- [EXERCISE DETAILS]
Lines from the one containing "20 Tranches De" through the last line of the records below need to be repeated exactly; nothing else, and no pictures.

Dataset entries
■ ■ ■ ■ ■ ■ ■

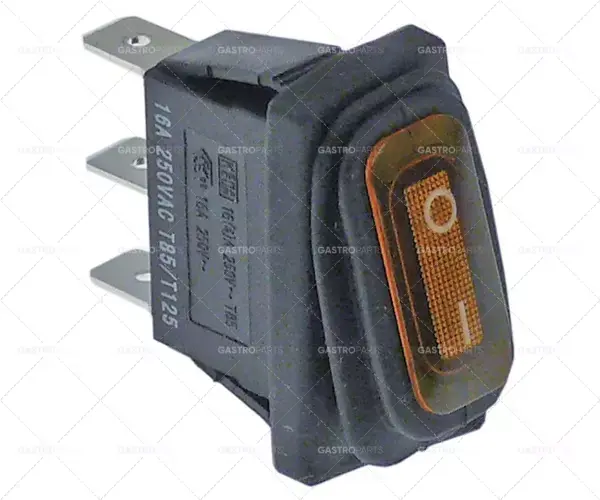 Novinka Kolébkový rozměr 30x11mm oranžové 1NO 230V 16A osvětlené 0-I konektor 6,3mm jazýčky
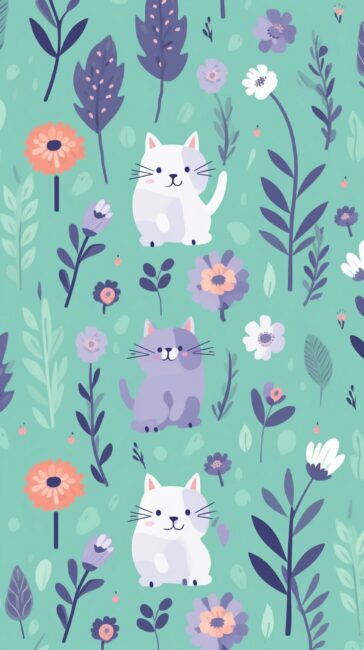minimalist wallpaper with cat and flower patterns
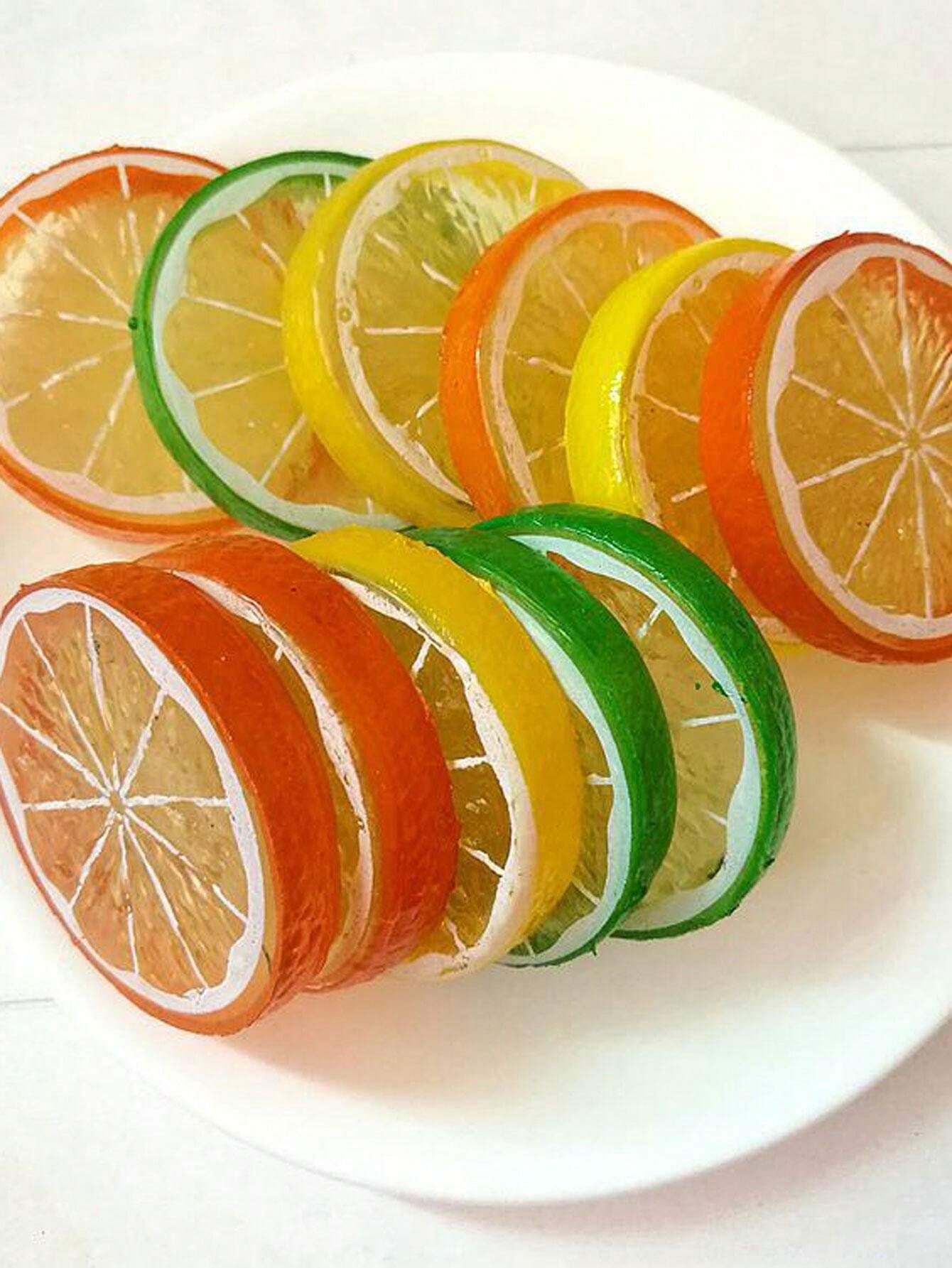 20 Tranches De Citron Artificielles – Déco Réaliste En Plastique PVC – Diamètre 5 Cm – Pour Décoration De Table, Vase, Cuisine, Fêtes – Réutilisable Et Lavable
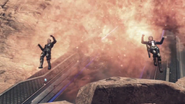 Marcus and Irina jump off an exploding Lifehold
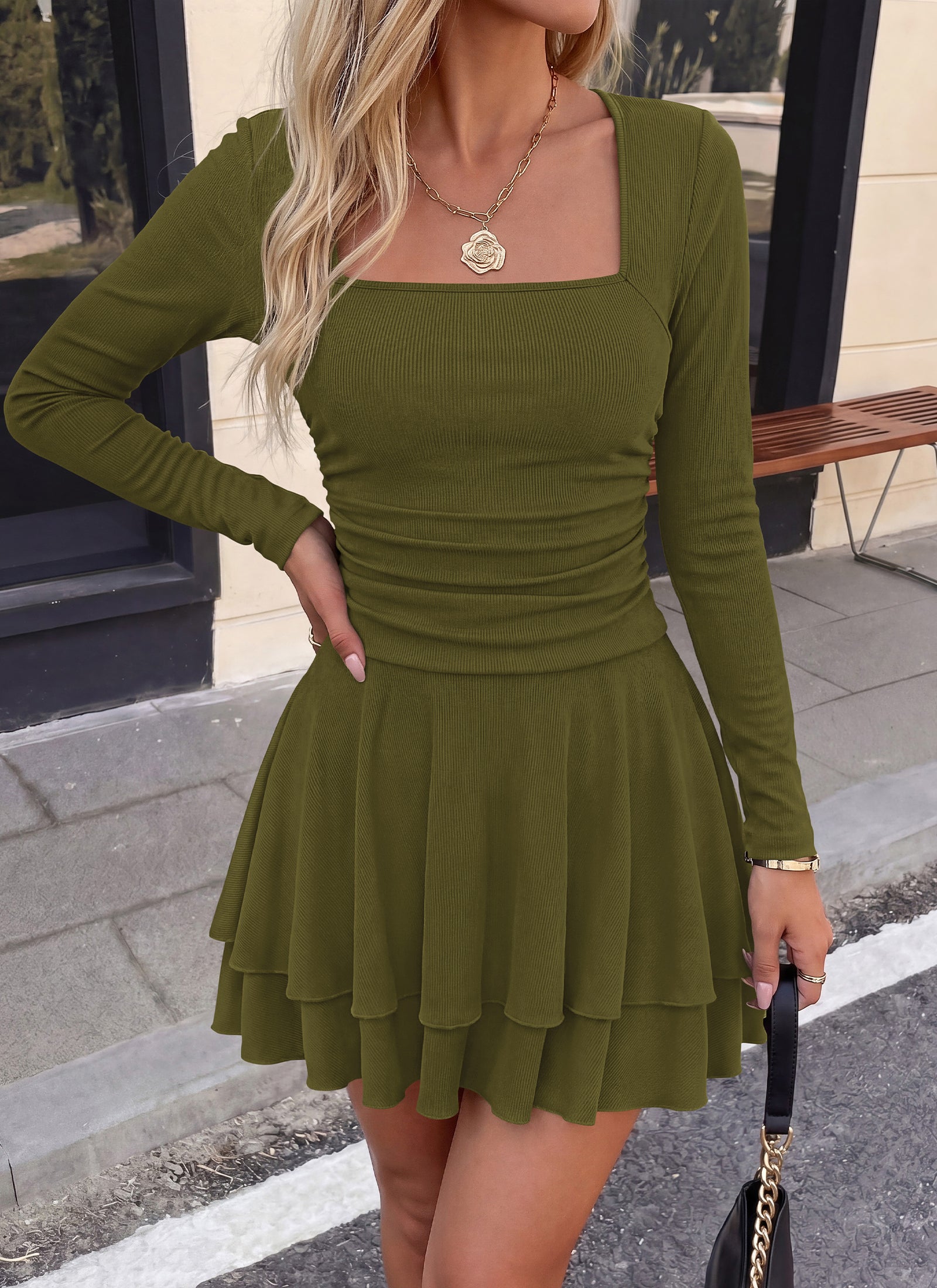 PRETTYGARDEN Women Fall Long Sleeve Ruffle Mini Dress 2026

■ ■ ■ ■ ■ ■ ■

- [REPLY TO THE TASK]
 20 Tranches De Citron Artificielles – Déco Réaliste En Plastique PVC – Diamètre 5 Cm – Pour Décoration De Table, Vase, Cuisine, Fêtes – Réutilisable Et Lavable
 Marcus and Irina jump off an exploding Lifehold
 PRETTYGARDEN Women Fall Long Sleeve Ruffle Mini Dress 2026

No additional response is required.